## [Records provided]
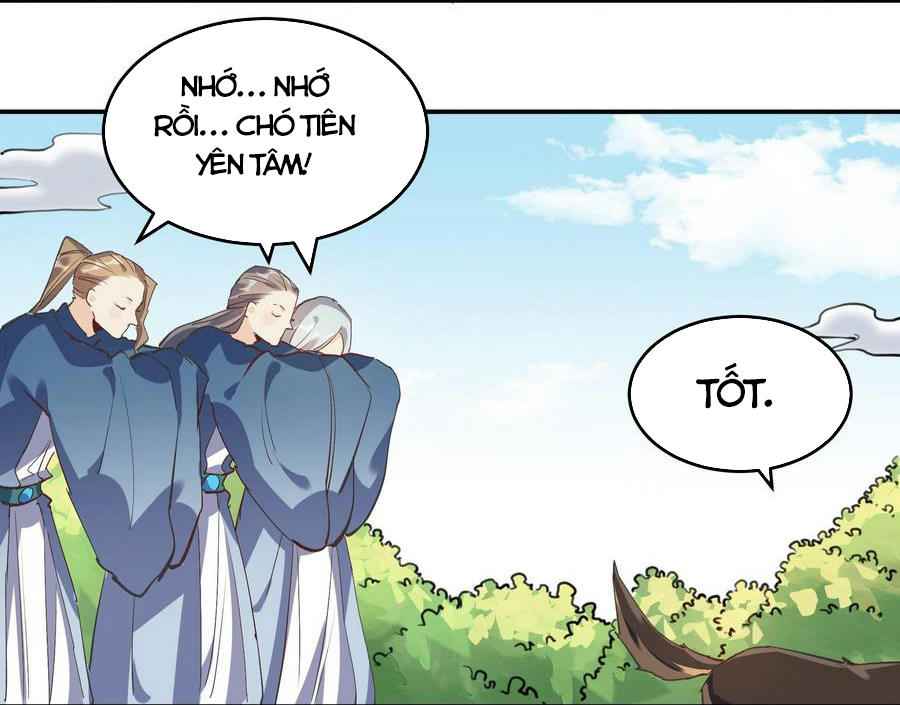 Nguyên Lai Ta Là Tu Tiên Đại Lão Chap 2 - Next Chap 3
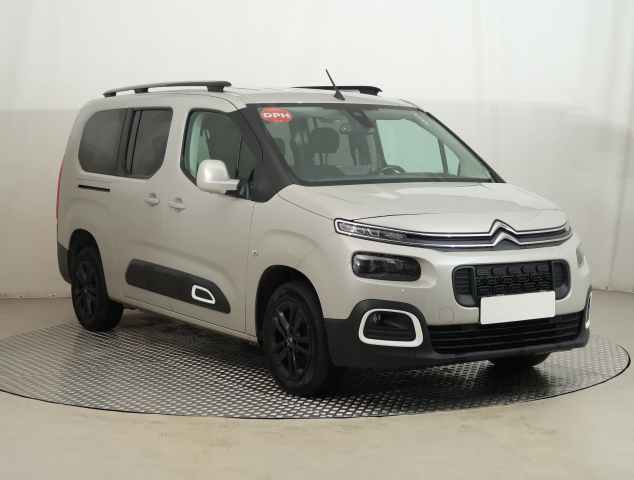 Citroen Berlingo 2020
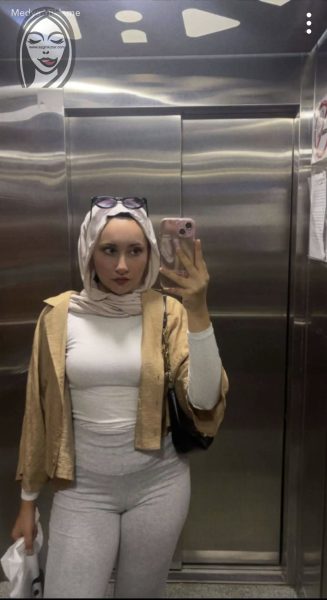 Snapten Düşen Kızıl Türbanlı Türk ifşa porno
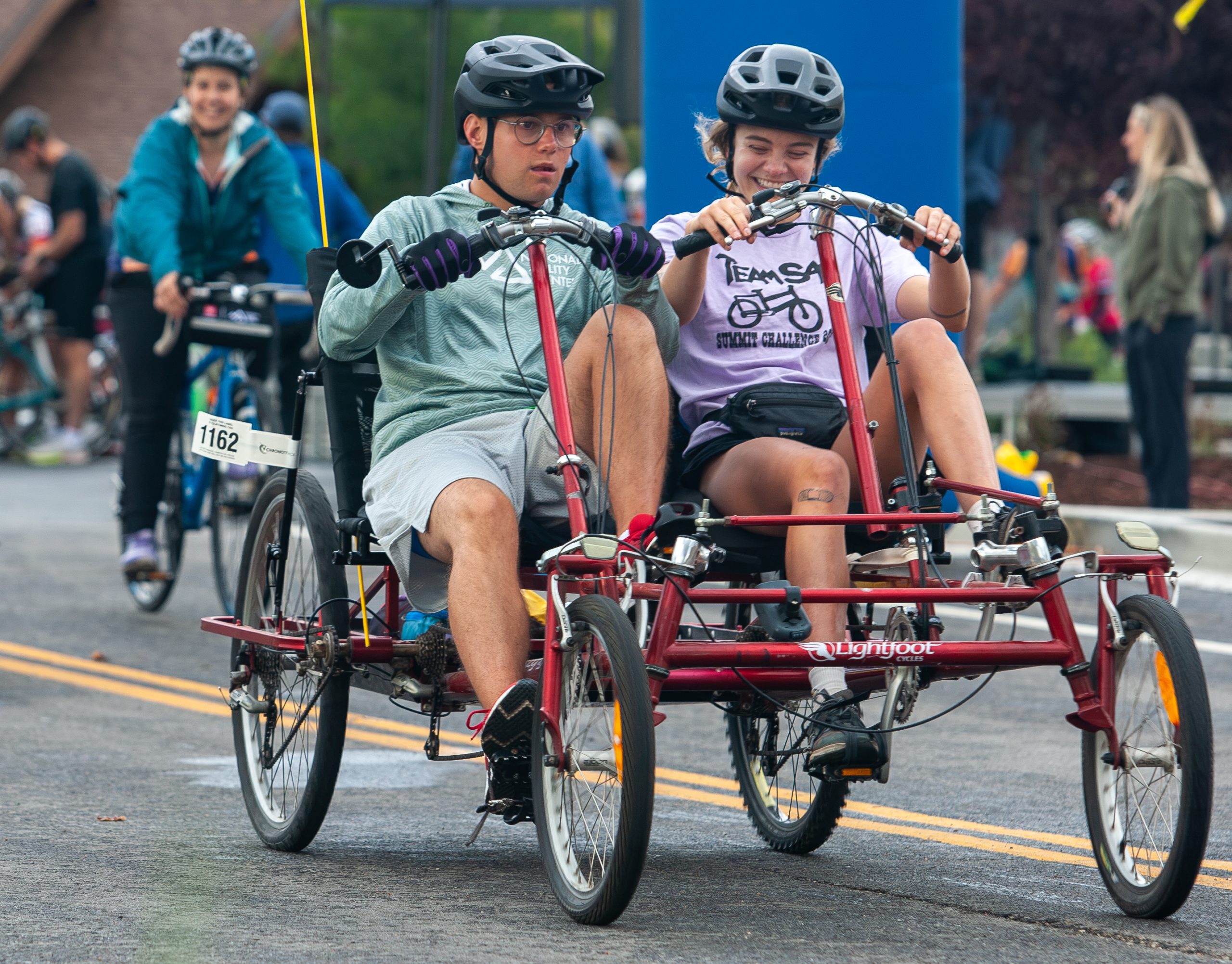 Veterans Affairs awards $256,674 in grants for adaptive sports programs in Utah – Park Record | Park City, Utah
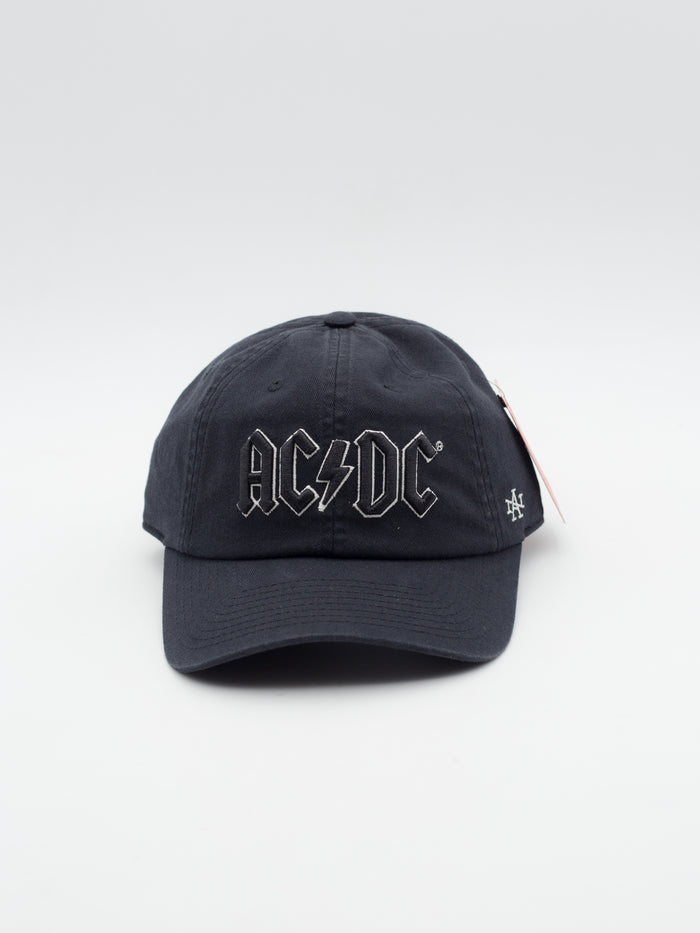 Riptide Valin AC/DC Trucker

## [What needs to be done]
Retype the lines above exactly, no pictures.

## [Written answer]
 Nguyên Lai Ta Là Tu Tiên Đại Lão Chap 2 - Next Chap 3
 Citroen Berlingo 2020
 Snapten Düşen Kızıl Türbanlı Türk ifşa porno
 Veterans Affairs awards $256,674 in grants for adaptive sports programs in Utah – Park Record | Park City, Utah
 Riptide Valin AC/DC Trucker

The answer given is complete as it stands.